Tournament schedule aside, there were other attractions to be seen around the viewing halls and show floor. Double Helix’s Killer Instinct reboot had playable kiosks as well as the debut of a returning series stable character Glacius in his new incarnation. Glacius’ look has taken an extraterrestrial bent and his focus is on distancing himself from the opponent and trapping them inside his effective zone with long-ranged normals and keep out tools. Even the indie-produced Dive Kick had a show presence and I was able to get some hands on time with the game, which manages to be simplistic and elegant despite being rooted in satire. A release of August 20th was announced for Dive Kick with a set price of $10. Funds have already been set aside on my part.

EVO is also a time when fighting game developers will often reveal new announcements, perhaps even more so than E3 considering that they have in that moment the interest and attention of their entire dedicated demographic. Among the most notable and groundbreaking announcements was the inclusion of Black Canary and Martian Manhunter as additional DLC characters for Injustice, but also yet another iteration of Street Fighter IV: “Ultra Street Fighter IV.” This upcoming version will feature even more refinement and rebalancing based on community feedback as well as the inclusion of a few new characters, namely the 4 warriors from Street Fighter X Tekken (Hugo, Elena, Rolento, Poison) as well as a yet-unrevealed 5th warrior who is said to have never appeared in a main-line Street Fighter game before. The game will be available both as a full retail disc and as a reduced price digital upgrade.

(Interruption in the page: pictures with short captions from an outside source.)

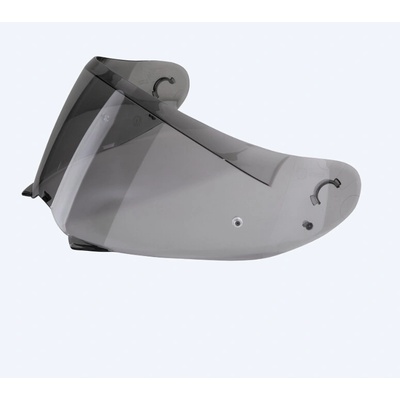 Plexi SCORPION EXO-930 světle kouřové KDF31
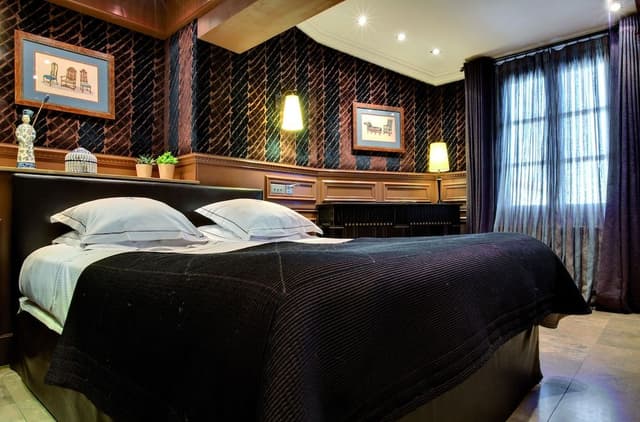 Classic Double Room (occ max 2)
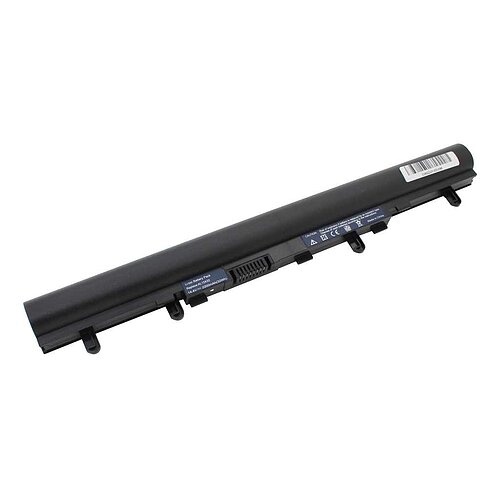 Laptopakku LiIon 14,4V 2200mAh schwarz ersetzt ACER 4ICR17/65 Laptopakku LiIon 14,4V 2200mAh schwarz ersetzt ACER 4ICR17/65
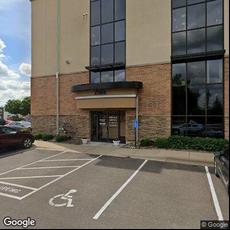 Peterson & Johnson, dentists office located at 7300 France Ave S, Minneapolis, MN.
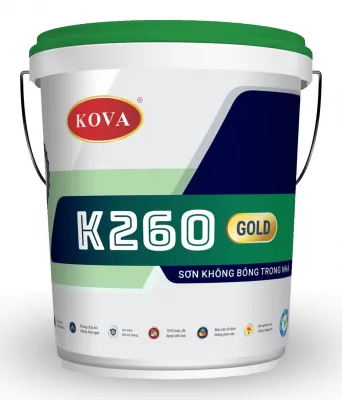 Đại Lý Cấp 1 Sơn Kova – Công Ty TNHH Bình Thảo BN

If ever there was a day to make an appearance at EVO, it would have to be the tournament finals on Sunday. Within these 24 hours the absolute best on earth compete in an all-out showdown to determine the world champions in their respective arenas. The immense tension, excitement, and HYPE within that crowded main hall has to be experienced firsthand.

The first game of the finals was KOF XIII, and while I know precious little about the game watching battles at the absolute highest level of play was enthralling. In the end Reynald took 1st place as the 1st ever American player to be the grand champion of the game.

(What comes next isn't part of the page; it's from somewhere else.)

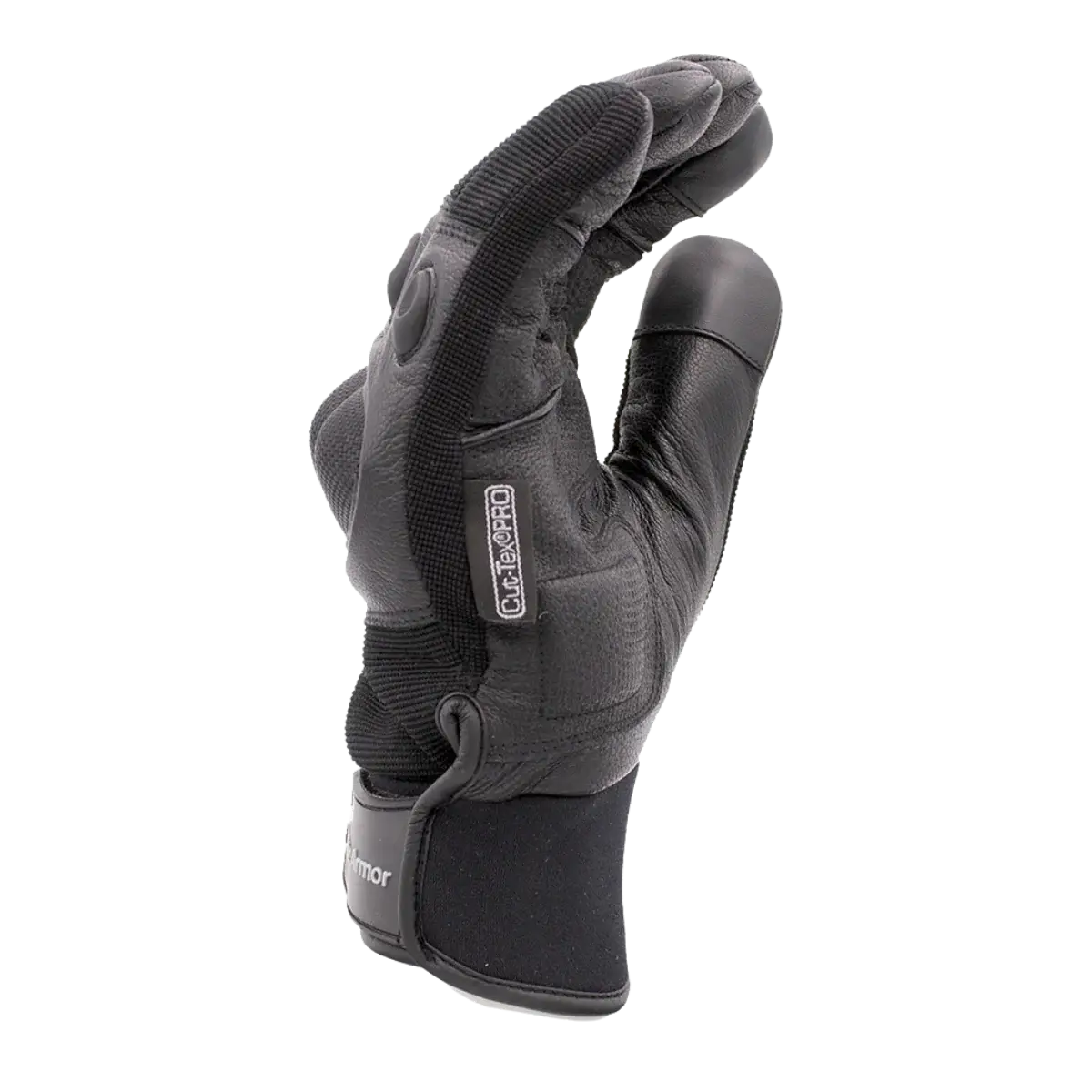 EA Performance Snitsikre Handsker.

Super Smash Bros. Melee was undoubtedly a huge draw for the crowd and likely contributed to the record-breaking attendance. Some of the competitors came from as far across the globe as Sweden for the sole purpose of going head-to-head with the very best in their game of expertise. While the expected top-class picks Falco, Fox, Marth, and Sheik were certainly present, there were some unexpected entrants that captured the attention of the crowd, namely an Ice Climbers player “Wobbles” who took 2nd place.

The Injustice finals were interesting to watch but took an unexpected turn; Superman has become so universally reviled as an overpowered character in this game that the crowd unanimously booed whenever he won a match (even in the very last match of the grand finals). Something is probably wrong when the community reacts with such “anti-hype” towards witnessing the highest levels of play in a given game.

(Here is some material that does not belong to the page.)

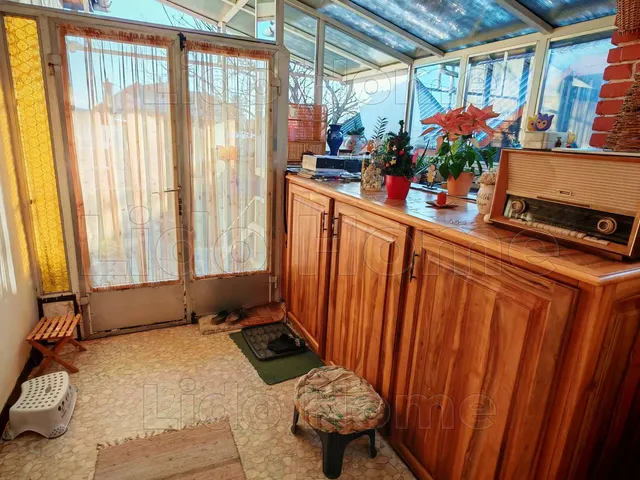 Eladó ház Zalacsány 100 nm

The end of the evening was reserved for the most hotly anticipated games, the first of which was Ultimate Marvel vs. Capcom 3. UMvC3 is widely regarded as being the most frenetic and insane game to watch during finals where anything can happen. Although he didn’t take 1st, the hero of the top 8 was undoubtedly Justin Wong, an long standing veteran and celebrity in the fighting game community who has been making a marked comeback of late, fighting his way through the bracket and knocking out several dangerous and reviled players through savvy, intelligent, unorthodox play. Justin managed to take 2nd but he really won the heart of the crowd. Another crowd-pleaser was the player Angelic whose inclusion of Shuma-Gorath was highly unusual and instantly won the approval of the crowd for his amazing utilization of an obscure character.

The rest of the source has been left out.